Le 7 octobre, ne tenant plus debout, il part pour l’hôpital où les médecins lui annoncent la terrible nouvelle : il souffre d’une leucémie aiguë de type M3 ou leucémie promyélocytaire. Sa mère est alors frappée par son attitude : il lui offre son plus beau sourire et il émane de lui sérénité, calme et sang-froid. Il lui demande de prier le Rosaire avec lui et il la prévient quand il est transféré à l’hôpital San Gerardo de Monza, spécialisé dans les leucémies : « Attends-toi à ce que je ne sorte pas d’ici vivant » et il ajoute : « Reste sereine. Je t’enverrai de nombreux signes du Ciel. » Carlo demande que le sacrement de l’onction des malades lui soit administré et l’aumônier de l’hôpital lui apporte la Sainte Communion. Les médecins et les infirmières sont frappés de voir le jeune homme supporter ses grandes douleurs sans gémir, comme s’il bénéficiait d’une force qui n’était pas la sienne. Avant de sombrer dans le coma, Carlo tourne son visage vers sa mère pour lui confier : « J’ai un peu mal à la tête » puis il sourit et ferme les yeux. Son cœur s’arrête de battre le 12 octobre 2006, laissant ses parents abasourdis par la mort de leur enfant unique survenue si brutalement.

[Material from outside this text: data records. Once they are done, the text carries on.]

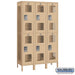 Salsbury 15" Wide Double Tier Vented Metal Locker - 3 Wide - 6 Feet High - 18 Inches Deep - Tan - Unassembled - Sweatfully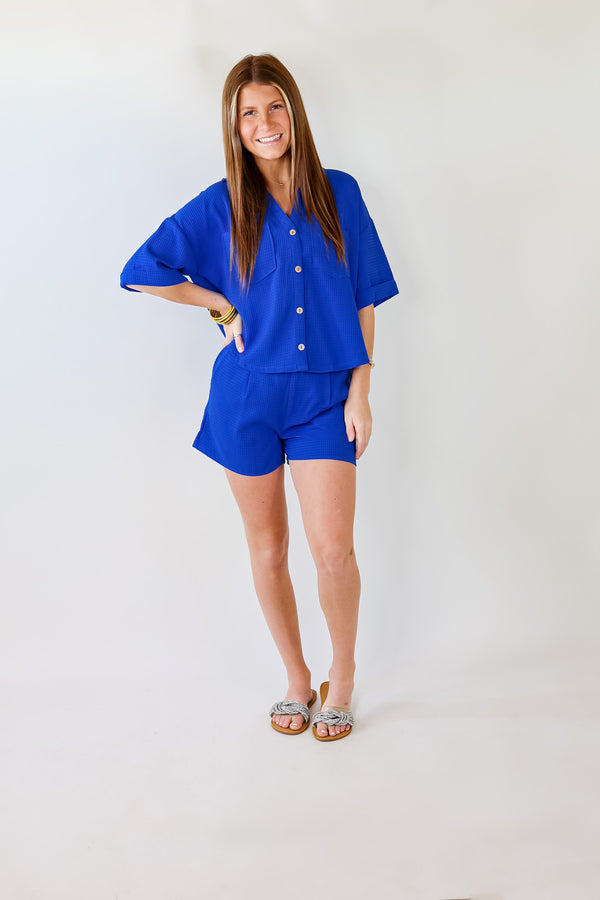 Time To Go Waffle Weave Button Up Top in Royal Blue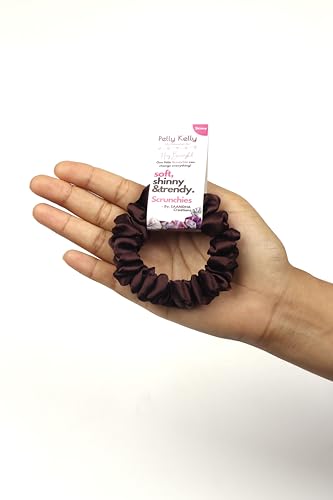 Image of Satin Scrunchies Hair Bands for Women | No-Damage Elastic Hair Ties for Ponytails & Buns | Fluffy & Stylish Rubber Bands | Small Size | Pack of 5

Deux miracles à l’enterrement
L’une des paraboles que Carlo aimait le plus était celle du semeur qui rappelle que, si le grain de blé ne meurt pas, il ne porte pas de fruit. Il avait écrit : « En choisissant la mort, Jésus nous a redonné la vie. Le grain de blé c’est lui qui en mourant a porté beaucoup de fruits. » La fécondité de Carlo Acutis est palpable dès le jour de ses funérailles le 14 octobre. Ses amis sont là ainsi que tous ceux auxquels il est venu en aide : des mendiants, des sans-abri, des étrangers qu’il avait secourus au cours de ses maraudes. Beaucoup ont le sentiment qu’ils ne participent pas à un enterrement mais à une fête dans l’église Santa Maria Segreta de Milan, trop petite pour accueillir les centaines de personnes présentes. Carlo fait ses deux premiers miracles le jour de ses obsèques. Une dame atteinte d’un cancer du sein l’invoque et sera guérie. Une autre femme, âgée de 44 ans, venue tout spécialement le prier pour avoir un enfant, sera exaucée neuf mois plus tard en accouchant d’une petite fille. Antonia, la mère de Carlo aura aussi la faveur de recevoir un signe du Ciel. Cinq ans après la mort de son fils, elle mettra au monde, à 44 ans, des jumeaux, Francesca et Michele. Avant de mourir, Carlo lui avait prédit qu’elle serait à nouveau mère.
De façon inattendue, la renommée de sainteté de l’adolescent se répand rapidement. Six ans seulement après sa mort, l’archidiocèse de Milan lance une enquête sur sa vie et l’héroïcité de ses vertus. Sa mère Antonia est sollicitée de toute part pour témoigner de la façon dont « Carlo lui a montré comment vivre dans l’Éternité tout en étant dans le monde ». Le 5 juillet 2018, le pape François le déclare vénérable et le donne en exemple aux jeunes. Il le béatifie le 9 octobre 2020. Sa canonisation à Rome, le 7 septembre 2025, moins de vingt ans après sa mort, illustre bien que l’Eucharistie, selon les mots de Carlo Acutis, est « une autoroute pour le Ciel ».